*** Source data
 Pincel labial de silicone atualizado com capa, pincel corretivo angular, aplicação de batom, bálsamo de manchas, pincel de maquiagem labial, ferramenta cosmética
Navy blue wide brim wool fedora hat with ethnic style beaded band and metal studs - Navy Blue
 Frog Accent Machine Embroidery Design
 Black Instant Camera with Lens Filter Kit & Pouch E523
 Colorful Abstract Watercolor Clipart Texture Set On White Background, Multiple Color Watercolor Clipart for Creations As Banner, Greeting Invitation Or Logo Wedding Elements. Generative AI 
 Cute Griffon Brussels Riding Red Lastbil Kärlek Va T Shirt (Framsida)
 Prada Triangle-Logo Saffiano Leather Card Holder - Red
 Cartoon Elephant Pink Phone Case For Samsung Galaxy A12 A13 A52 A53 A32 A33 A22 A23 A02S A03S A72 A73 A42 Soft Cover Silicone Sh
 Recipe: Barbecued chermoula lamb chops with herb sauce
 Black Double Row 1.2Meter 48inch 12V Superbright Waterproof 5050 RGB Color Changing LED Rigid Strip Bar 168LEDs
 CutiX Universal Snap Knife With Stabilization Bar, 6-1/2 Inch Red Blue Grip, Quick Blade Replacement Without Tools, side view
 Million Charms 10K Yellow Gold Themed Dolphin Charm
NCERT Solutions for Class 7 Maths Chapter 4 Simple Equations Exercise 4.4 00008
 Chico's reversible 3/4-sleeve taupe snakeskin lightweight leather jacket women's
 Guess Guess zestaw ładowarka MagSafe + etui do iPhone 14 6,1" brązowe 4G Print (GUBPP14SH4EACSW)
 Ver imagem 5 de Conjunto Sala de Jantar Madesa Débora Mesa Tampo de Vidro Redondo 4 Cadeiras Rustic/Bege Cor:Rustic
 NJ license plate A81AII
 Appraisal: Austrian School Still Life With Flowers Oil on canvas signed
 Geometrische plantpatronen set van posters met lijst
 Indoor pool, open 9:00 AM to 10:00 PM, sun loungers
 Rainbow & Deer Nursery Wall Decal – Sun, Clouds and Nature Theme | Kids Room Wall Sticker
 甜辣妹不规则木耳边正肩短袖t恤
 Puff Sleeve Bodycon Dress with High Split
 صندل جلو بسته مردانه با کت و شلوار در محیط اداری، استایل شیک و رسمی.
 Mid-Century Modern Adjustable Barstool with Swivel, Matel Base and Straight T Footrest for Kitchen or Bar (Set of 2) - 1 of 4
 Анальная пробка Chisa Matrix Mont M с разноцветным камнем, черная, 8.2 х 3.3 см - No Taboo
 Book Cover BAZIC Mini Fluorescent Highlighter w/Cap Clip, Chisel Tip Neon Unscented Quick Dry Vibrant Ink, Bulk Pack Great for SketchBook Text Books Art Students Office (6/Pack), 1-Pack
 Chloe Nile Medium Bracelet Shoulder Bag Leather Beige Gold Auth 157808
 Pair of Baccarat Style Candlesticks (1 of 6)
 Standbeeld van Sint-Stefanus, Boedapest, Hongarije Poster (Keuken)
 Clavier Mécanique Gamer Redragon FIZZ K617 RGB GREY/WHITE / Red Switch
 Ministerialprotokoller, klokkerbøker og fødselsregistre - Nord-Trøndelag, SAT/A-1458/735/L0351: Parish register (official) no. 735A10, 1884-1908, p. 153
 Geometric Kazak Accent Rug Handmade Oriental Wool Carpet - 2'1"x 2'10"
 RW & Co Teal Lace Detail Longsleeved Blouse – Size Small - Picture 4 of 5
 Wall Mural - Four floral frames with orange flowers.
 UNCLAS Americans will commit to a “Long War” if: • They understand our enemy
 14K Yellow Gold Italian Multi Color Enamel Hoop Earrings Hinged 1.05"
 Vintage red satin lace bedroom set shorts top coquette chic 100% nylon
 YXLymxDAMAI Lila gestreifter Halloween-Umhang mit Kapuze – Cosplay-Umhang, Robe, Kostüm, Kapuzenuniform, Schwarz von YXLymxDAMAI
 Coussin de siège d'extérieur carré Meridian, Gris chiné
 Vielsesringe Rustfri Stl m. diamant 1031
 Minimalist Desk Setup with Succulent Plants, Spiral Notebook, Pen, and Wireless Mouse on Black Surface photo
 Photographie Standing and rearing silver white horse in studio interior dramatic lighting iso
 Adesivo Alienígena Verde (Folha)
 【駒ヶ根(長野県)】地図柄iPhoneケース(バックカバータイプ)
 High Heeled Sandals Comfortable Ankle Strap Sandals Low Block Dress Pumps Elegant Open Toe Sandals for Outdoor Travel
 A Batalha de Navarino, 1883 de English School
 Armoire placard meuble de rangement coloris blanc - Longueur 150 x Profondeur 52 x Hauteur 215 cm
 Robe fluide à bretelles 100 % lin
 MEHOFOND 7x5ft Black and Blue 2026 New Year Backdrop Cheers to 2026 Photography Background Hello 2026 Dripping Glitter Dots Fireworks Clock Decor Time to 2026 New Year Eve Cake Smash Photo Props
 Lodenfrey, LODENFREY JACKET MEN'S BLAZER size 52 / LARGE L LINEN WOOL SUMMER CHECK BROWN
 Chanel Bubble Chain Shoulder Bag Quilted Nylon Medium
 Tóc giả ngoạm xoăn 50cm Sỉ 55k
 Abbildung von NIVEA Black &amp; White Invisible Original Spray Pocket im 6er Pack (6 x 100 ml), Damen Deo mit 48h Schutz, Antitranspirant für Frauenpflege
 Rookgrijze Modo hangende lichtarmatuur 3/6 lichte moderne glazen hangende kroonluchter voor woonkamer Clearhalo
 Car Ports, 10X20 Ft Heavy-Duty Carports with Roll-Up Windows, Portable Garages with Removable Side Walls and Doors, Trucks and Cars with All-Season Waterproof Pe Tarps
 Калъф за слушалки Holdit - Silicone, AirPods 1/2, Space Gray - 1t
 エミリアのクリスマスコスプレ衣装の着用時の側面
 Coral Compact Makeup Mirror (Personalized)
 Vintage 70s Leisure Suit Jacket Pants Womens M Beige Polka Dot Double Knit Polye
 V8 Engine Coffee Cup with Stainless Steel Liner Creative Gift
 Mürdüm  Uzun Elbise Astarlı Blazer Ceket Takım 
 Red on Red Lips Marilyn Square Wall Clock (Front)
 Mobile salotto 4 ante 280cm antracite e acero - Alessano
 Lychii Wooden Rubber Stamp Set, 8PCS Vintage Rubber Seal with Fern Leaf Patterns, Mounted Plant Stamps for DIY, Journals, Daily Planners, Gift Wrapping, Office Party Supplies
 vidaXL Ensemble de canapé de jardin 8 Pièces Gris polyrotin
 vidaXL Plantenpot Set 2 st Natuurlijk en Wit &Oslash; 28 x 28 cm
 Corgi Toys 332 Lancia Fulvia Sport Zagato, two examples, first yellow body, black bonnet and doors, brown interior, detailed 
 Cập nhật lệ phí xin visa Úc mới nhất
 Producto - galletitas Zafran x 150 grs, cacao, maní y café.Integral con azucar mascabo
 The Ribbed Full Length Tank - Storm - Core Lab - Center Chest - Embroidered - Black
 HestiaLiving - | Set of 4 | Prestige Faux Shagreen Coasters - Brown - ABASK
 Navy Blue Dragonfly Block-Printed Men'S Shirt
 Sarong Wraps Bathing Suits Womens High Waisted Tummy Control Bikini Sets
******
> _Required work_
Taking the entries above, restate exactly those lines that fall between the line with "صندل جلو بسته" and the line with "Clavier Mécanique Gamer", keeping both of those lines too.

> _Your response_
 صندل جلو بسته مردانه با کت و شلوار در محیط اداری، استایل شیک و رسمی.
 Mid-Century Modern Adjustable Barstool with Swivel, Matel Base and Straight T Footrest for Kitchen or Bar (Set of 2) - 1 of 4
 Анальная пробка Chisa Matrix Mont M с разноцветным камнем, черная, 8.2 х 3.3 см - No Taboo
 Book Cover BAZIC Mini Fluorescent Highlighter w/Cap Clip, Chisel Tip Neon Unscented Quick Dry Vibrant Ink, Bulk Pack Great for SketchBook Text Books Art Students Office (6/Pack), 1-Pack
 Chloe Nile Medium Bracelet Shoulder Bag Leather Beige Gold Auth 157808
 Pair of Baccarat Style Candlesticks (1 of 6)
 Standbeeld van Sint-Stefanus, Boedapest, Hongarije Poster (Keuken)
 Clavier Mécanique Gamer Redragon FIZZ K617 RGB GREY/WHITE / Red Switch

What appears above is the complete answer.